We could see ash still prominent on Sólheimajökull Glacier, which was the second big stop on our excursion.  It was an entire blanket of ash, but it certainly made it look a mottled dark gray.

This glacier has receded dramatically over the last thirty years due to rising temperatures in Iceland due to climate change.  With all of the steam venting up through the earth's surface and volcanos erupting, my guess is that temperatures deep in the earth must have some impact on that, but many experts blame manmade global warming.

In any case, it is a fact that the glacier has been receding rapidly since 1995, with expert estimates at 50 meters per year.

Between 1970 and 1995, the glacier actually expanded by 400 meters, but from the 1930 until 1970, it receded 1,000 meters.  The video linked here describes what has been happening.  I recommend starting at 14 minutes in.


As the expert being interviewed acknowledges, melting of glaciers and warming would likely be positive in many ways for Iceland.




On this particular day, we were blessed with such a day as we arrived for lunch on our own in Vik, a small town near a black-sand beach.


Rather than going to one of the pricey restaurants --- all food in Iceland is expensive --- we went to the grocery store to buy a ready-made sandwich and soda for about $14.

We split that as we walked to the beach.


It was a beautiful day, but we wanted an afternoon coffee before boarding the bus, so after a few minutes, we headed back to a little cafe for a short break.
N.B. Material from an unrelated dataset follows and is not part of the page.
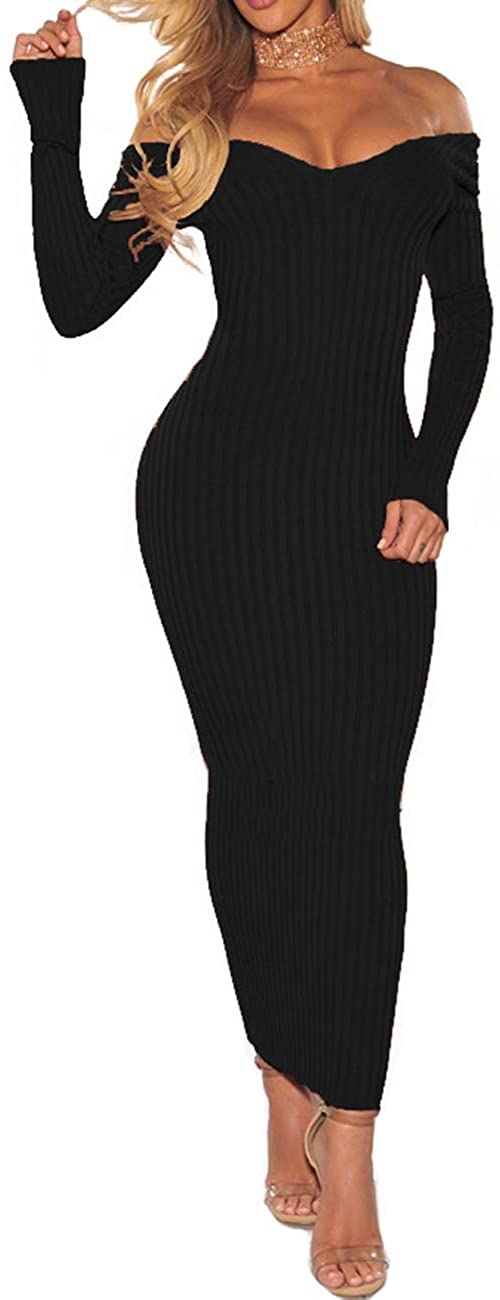 Price:$14.72    SheKiss Women's Off Shoulder Long Sleeves Bodycon Sweater Dress Sexy Knit Slim Cardigans  Clothing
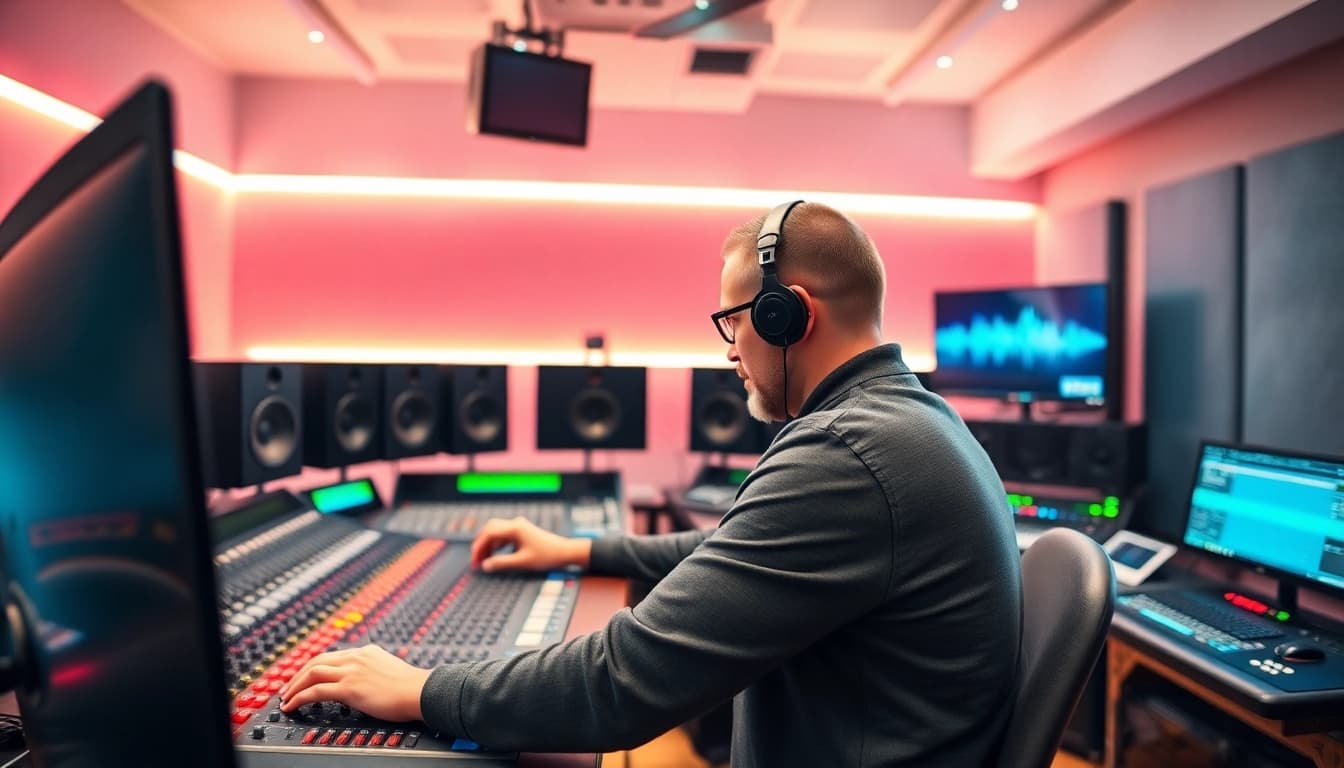 Enhancing sound quality with online mastering in a professional studio setup.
Still, I felt a bit sorry for our fellow excursionists who spent their lunch break indoors when we had seen such great beauty in Vik.
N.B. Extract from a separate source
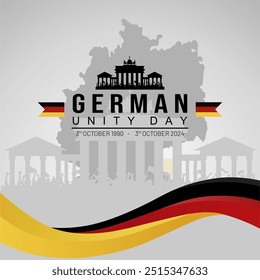 Greeting Design of German Unity Day 2024 with Brandenburg Gate and German Map Illustration. "Tag der Deutschen Einheit". Translation : German Unification Day.  Vector Illustration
We drove to another even more dramatic black-sand beach not far away.

I have to say that it was not more beautiful than the views we saw from the first beach that so many had only seen from a distance walking out of the shopping center to the bus. But it was also clear why this black-sand beach was featured prominently.




At Reynisfjara Beach, we walked over to a cliffside with a quartz-like jagged side.


Atop that cliff, Puffins had their nests.

Julie did a pretty good job catching the little birds in flight, but they're not nearly as large or friendly as penguins, so it was hard to see the colors.


I could never differentiate on any Puffin the identifying colorful beak that set really them apart, but I liked the effort.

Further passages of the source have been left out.